In this almost theatrical setting, the two girls sat in absolute silence, quietly sipping their coffee, completely detached from the reality they had left downstairs, outside this secret meeting place. One of them, Nanami Shimakawa, sat in a bizarre but comfortable position on a plastic school chair, with her chin resting on one hand, and dark green cup in the other. Her large tortoise-shell spectacles were slightly down on her nose, but this was not the focus of her attention at all. If someone from the Morality Committee had suddenly burst in here and seen the top button of her uniform shirt undone and her sleeves rolled up to her elbows, they would have dropped dead in shock, that such a widely respected figure in Kuromorimine would allow herself such a blatant lack of class and respect for the school's dress code. Only her light brown hair looked proper - the loose plait she had braided in the morning still looked perfect.
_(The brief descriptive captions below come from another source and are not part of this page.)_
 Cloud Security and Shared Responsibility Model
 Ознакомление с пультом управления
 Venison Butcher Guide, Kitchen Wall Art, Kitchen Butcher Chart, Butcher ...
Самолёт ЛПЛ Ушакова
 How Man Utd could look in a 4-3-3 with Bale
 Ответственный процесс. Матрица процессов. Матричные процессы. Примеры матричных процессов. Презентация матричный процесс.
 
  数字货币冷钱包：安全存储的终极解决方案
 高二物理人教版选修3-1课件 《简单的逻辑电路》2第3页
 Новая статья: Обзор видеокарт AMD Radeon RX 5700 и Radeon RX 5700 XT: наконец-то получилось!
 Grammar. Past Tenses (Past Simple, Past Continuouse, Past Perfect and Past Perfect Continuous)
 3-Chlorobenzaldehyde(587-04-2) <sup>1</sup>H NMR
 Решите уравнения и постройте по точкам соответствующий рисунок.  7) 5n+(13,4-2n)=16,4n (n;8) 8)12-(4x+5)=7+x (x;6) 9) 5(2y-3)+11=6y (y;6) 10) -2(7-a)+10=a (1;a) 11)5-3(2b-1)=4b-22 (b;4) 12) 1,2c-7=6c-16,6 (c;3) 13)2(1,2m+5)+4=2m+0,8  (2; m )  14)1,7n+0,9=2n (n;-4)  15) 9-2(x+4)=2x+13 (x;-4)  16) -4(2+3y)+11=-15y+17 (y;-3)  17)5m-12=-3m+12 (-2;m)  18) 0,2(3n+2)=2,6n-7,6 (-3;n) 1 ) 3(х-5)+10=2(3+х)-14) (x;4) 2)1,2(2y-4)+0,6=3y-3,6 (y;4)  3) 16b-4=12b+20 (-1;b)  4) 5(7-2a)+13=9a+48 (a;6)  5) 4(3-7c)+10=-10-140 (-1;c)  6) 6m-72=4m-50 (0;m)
"So the Twilight of the Gods will be here soon... " As Nanami spoke these words, her voice trembled slightly, as if the weight of it was too much even for a soul with a fondness for pathos.
"Have you given it a name?" The other girl, Shiho Nishizumi, had never understood either the desire for the sublime or the need to give poetic names to absolutely everything that her friend so often displayed.
"Every operation has to have a code name. And since we are planning to kill the old gods and create new ones, I think this name is quite appropriate.
"We're not planning anything like that."
"Really? Because that's exactly how I feel. Ever since I was a little girl, I wanted to be a revolutionary, and now I have the chance." Nanami smiled. What else could you expect from a child who was taught to play the music of the Romantic era from such an early age, and who knew the origins of the Revolutionary Etude even before she could read, but to throw herself into every revolt within her reach?
"This is not a revolution. "
"Actually, it's just a violent change overthrowing the old order, accompanied by open rebellion and a struggle against authority. It has absolutely nothing to do with revolution, not at all."
"I am doing what I have to do as a the heiress of the Nishizumi-ryū. Our ancestral principles have been betrayed, so it is my duty to restore order. "
Against her will, the very thought of this betrayal filled her with anger. Do not those who shame the Sensha-dō with their misdeeds realise that they will not live forever, and that if they do not pass on the legacy of values that are generations older than themselves, they are forfeiting the ideals that the world so desperately needs today? That they are spitting in the face of those who fought for them? That they are committing the unpardonable sin of insulting their ancestors? Of course not - their decadence has gone so far that all that remains is for them to rot and die, to make way for those like them, those who will restore the forgotten, lost order.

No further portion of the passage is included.